10 Things That are a Must for Every CIO
By Ron Horn, CIO, Trillium Health Resources
For over thirty years I have been in the Information Technology discipline and have had the opportunity to travel the world doing something I thoroughly enjoy. Throughout my travels and my positions within a number of industries I have purposely made mental notes regarding the evolution of technology and the ability to manage the discipline. I have worked tirelessly to make my way to the coveted CIO role and now that I am here, I wanted to take the time to share some of my most valuable pieces of information, in short form, for those aspiring to wallow in the fascinating world of technology.
1. Get a Seat at the Executive Table:
Be adamant about letting the business know technology is a catalyst to be used by the organization to help it reach its strategic objectives and be a participating member
2. Know the Business of Your Company:
Take the time to study and understand the operations of the business and the workflows of the functional areas.
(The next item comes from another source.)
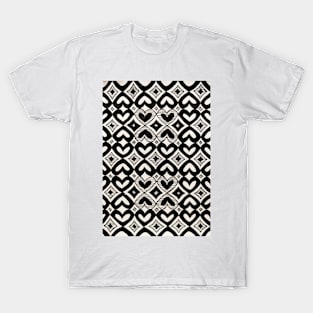 Handmade black and white heart pattern T-Shirt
It is not imperative you understand the intricate details of how everything works but know the “hot spots” and pain points.
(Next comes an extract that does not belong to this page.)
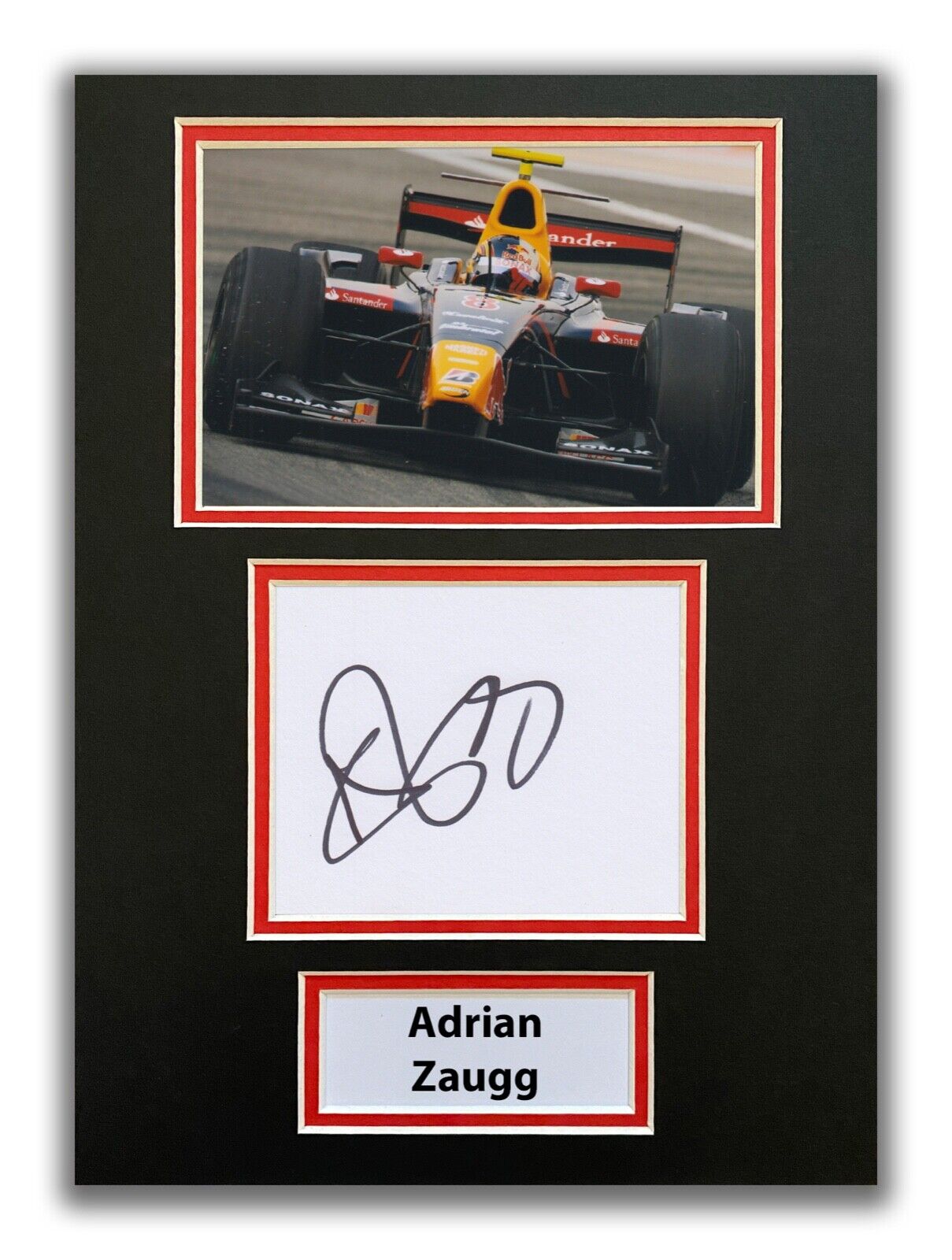 ADRIAN ZAUGG HAND SIGNED A4 MOUNTED Photo Poster painting DISPLAY - FORMULA 1 AUTOGRAPH - F1 A.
3. Develop a Current State, Future State Roadmap:
Understand the current architecture/infrastructure of your company. Have someone assist you to draw out each part of your network down to the endpoints then develop a growth strategy around the strategic direction of the company with technology to support those initiatives. If there are better or more efficient ways to accomplish something…SHARE IT!
4. Application Standardization:
Standardize on office applications and support tools wherever possible. If you can standardize on an operational application that is modular and offers a full suite to fulfill the needs of the business, please take the time to do the evaluation. If for any reason your business is forced to choose complimentary applications be sure to develop an integration strategy which creates better, more seamless workflows.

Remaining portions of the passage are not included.